Can govt provide infrastructure before furthering growth in Alibag?
Architect Pinakin Patel makes an urgent plea for planned growth in Alibag, which would provide commerce without compromising culture, growth without affecting ecology, and progress that can be enjoyed by residents and visitors alike
MUMBAI: I had voted for the present government to become my voice, fought on its behalf over divided family dinners and with colleagues. Now, I have a peeve with the government – it has decided to take the vision of the Honorable Prime Minister forward to build a strong nation; but is it doing so meaningfully?
Can we build a strong nation meaningfully at all while being in a state of chaotic expansion and internal power play? If mere material well-being becomes a permanent target with little or no ideology then we may head to a state of mindlessness.
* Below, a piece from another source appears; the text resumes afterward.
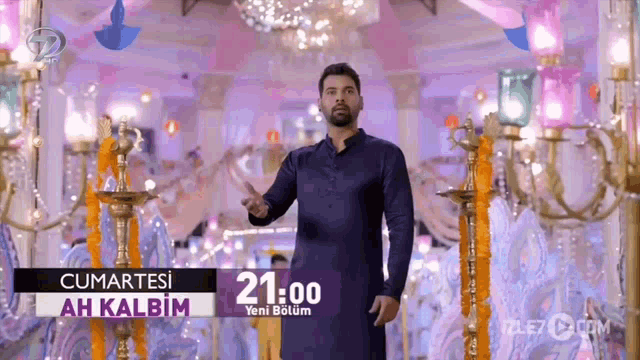 a man in a blue shirt is standing in front of a sign that says 21:00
I represent the voices of my community members in Alibag, the ‘Alibag Optimists’ and ‘Team Vidysan’. Alibag was a scenic hamlet growing one villa at a time, until recently. Now it is being engulfed as a suburb of Mumbai. Here are my views on what I feel is an impending unplanned development in Alibag, which I hope will resonate with you:
Every metropolis absorbs rural peripheries into urban development but can one consider a planned absorption where infrastructure comes before commercial growth?
Private townships have their own legalities and advantages but can the already existing areas outside their boundaries be treated first?
MMRDA says that our area between Mandwa Jetty and Alibag town is too small for them to micromanage as they plan regionally. The panchayats are too small and ineffective in the wake of sudden unplanned growth.
Alibag residents’ appeal to the government is that the village be treated as a pilot project for the integration of peripheral areas around towns and cities to be merged into mainstream urban spaces. As commercial growth takes place faster than infrastructural provisions, it creates chaos. Within the chaos, certain people take advantage and create a sense of despair amongst the rest.
In such a scenario, is standing for election the only way to add value to a community? No. The way a jury aids a judge to take decisions, we can have creative thinkers in society to enable bureaucrats to take holistic decisions.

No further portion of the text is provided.